■ Exercise description: The reply should hold every line of the data below, unchanged, and none of the pictures.

■ Exercise data:
------------------------
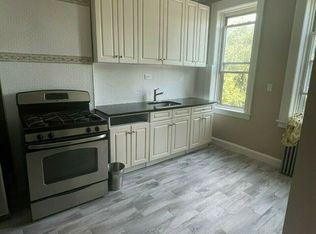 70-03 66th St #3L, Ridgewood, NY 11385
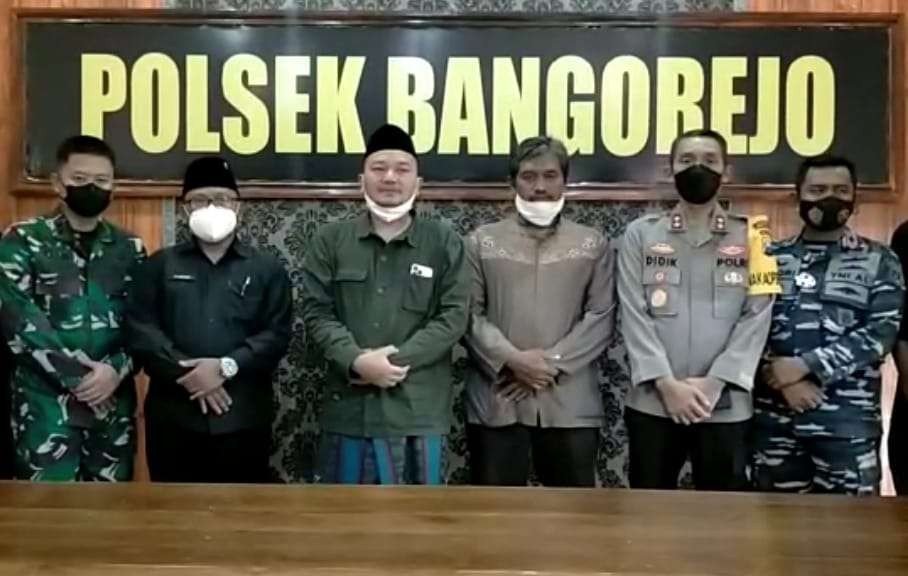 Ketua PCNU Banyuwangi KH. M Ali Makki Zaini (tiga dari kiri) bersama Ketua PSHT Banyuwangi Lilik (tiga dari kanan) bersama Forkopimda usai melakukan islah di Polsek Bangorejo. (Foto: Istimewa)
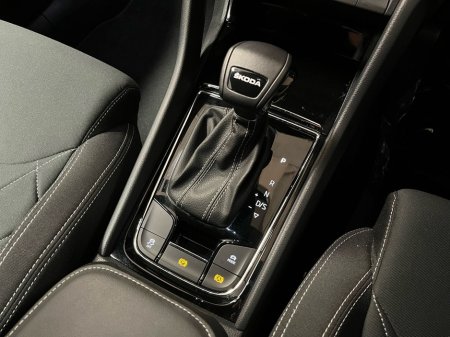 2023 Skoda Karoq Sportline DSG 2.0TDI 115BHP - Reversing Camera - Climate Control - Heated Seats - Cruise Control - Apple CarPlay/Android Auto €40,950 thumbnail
------------------------
■ Answer space:
 70-03 66th St #3L, Ridgewood, NY 11385
 Ketua PCNU Banyuwangi KH. M Ali Makki Zaini (tiga dari kiri) bersama Ketua PSHT Banyuwangi Lilik (tiga dari kanan) bersama Forkopimda usai melakukan islah di Polsek Bangorejo. (Foto: Istimewa)
 2023 Skoda Karoq Sportline DSG 2.0TDI 115BHP - Reversing Camera - Climate Control - Heated Seats - Cruise Control - Apple CarPlay/Android Auto €40,950 thumbnail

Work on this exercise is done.